“BEING A WOMAN IS SO FASCINATING. IT’S AN ADVENTURE THAT TAKES SUCH COURAGE, A CHALLENGE THAT NEVER ENDS. ‘ “
There are things that only a woman who swims understands.
Early in the morning. In the mirror a reflection of you. Dark circles confused between the halo of melted mascara and the goggle marks on your forehead.
The chlorine smell is still there, between the sheets and swimsuit to wash and backpack to fix.
The water is already part of a daily rhythm that is always the same, but is always different.
A SECOND HOUSE
Many swimmers say: “the pool is my second home”. I have often seen my lane as my unique home.
When the walls built of brick and cement didn’t seem to embrace you, the other walls, those of water and blue tiles always did. You have found comfort and comparison, you lost yourself in the smiles of children waiting in line on the benches. The only place where you were not afraid, even if half naked. The weaknesses in the water are not used against you, to destroy you, but to strengthen you, to let you express that strength and wonder that you have.
We are the ones who have felt hair and eyebrows burning by chlorine.
We would buy the “miracle cream” that in one application erases a year of ill-treatment. Each time, however, we look in the mirror and smile at the elastic that wraps chlorinated hair in a cloudy tail.
We train with the boys, but our times will always be higher.
Numerically, we will always be different from them. We are our own universe in the universe.
We wear colors and brighten up the lane. We give tips and remedies.
We embrace strength.
We have forgotten what is to wear bracelets or earrings during the week and look forward to the weekend to make us irresistible. We play with make-up to paint red lips and dissolve hair at last, of those shoulders shaped by strokes.
WE LOVE THE TECHNICAL SUIT
We love the technical suit. It hides cellulite. It’s so tight that seems to pulls together the broken pieces that reunite us only when we go on the block.

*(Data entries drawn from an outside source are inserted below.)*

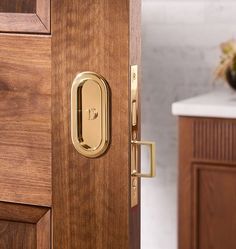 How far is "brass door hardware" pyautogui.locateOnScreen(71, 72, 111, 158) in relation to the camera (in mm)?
883

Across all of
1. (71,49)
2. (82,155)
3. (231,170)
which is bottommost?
(231,170)

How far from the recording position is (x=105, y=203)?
90 cm

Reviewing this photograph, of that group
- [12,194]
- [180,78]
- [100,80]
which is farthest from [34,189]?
[180,78]

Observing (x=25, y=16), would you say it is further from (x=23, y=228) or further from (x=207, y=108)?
Answer: (x=207, y=108)

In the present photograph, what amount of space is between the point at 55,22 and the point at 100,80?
3.7 inches

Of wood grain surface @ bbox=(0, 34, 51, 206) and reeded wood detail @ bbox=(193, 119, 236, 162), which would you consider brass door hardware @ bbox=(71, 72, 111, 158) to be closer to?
wood grain surface @ bbox=(0, 34, 51, 206)

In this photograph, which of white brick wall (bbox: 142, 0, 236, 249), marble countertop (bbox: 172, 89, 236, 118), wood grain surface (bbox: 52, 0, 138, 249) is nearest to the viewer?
wood grain surface (bbox: 52, 0, 138, 249)

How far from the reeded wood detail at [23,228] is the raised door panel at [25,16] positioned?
0.23 metres

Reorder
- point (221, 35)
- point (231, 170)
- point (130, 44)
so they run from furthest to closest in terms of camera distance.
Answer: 1. point (221, 35)
2. point (231, 170)
3. point (130, 44)

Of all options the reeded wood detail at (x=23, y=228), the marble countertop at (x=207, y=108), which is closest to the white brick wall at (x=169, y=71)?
the marble countertop at (x=207, y=108)

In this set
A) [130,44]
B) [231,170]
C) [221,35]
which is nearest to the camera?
[130,44]

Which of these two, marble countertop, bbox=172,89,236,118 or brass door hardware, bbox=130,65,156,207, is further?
marble countertop, bbox=172,89,236,118

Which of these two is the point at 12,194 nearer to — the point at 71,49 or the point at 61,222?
the point at 61,222

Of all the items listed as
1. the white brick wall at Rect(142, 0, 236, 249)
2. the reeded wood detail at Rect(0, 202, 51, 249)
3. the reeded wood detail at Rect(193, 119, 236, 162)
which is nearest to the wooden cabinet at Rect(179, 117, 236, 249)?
the reeded wood detail at Rect(193, 119, 236, 162) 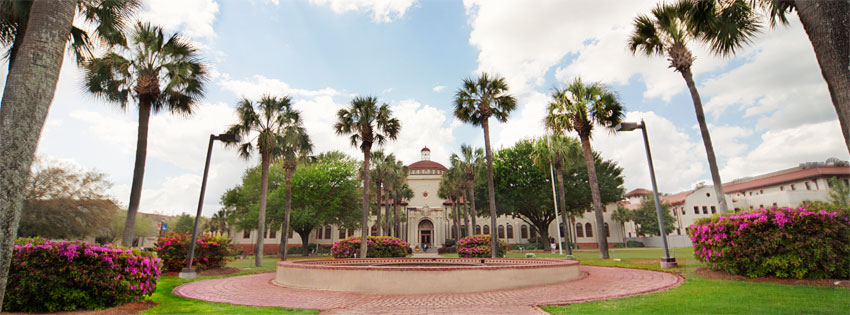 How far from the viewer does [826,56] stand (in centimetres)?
532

Behind the goggles we hide mascara dissolved by water and tears.
We are able to swim with fevers, hoping that the water could cure us. We swim in the days when our body is on different rhythms, reminding us that our being women is there and we can’t escape it.
In water we found a world beyond our world, the power over our weaknesses. We treated a broken heart with chlorine. To revive it, we took it back to the limit, until it could resume its beat.
Other people told us that we practice a sport for males, that we have broad shoulders, but we smile every time, because we love this ‘male’ sport, and our shoulders, which have become so broad just to rest the heads of those who need it.
It’s time to zero gravity, to lighten the weights, to prove to ourselves that the pain doesn’t exist, that tiredness will pass, that the legs that know how to walk on soles raised twelve centimeters from the ground, wrapped in black stockings, can push water and grind kilometers. Our arms, delicate and soft pillows, can become thrust engines, cutting water and seconds, one aspiring to recognition: ours.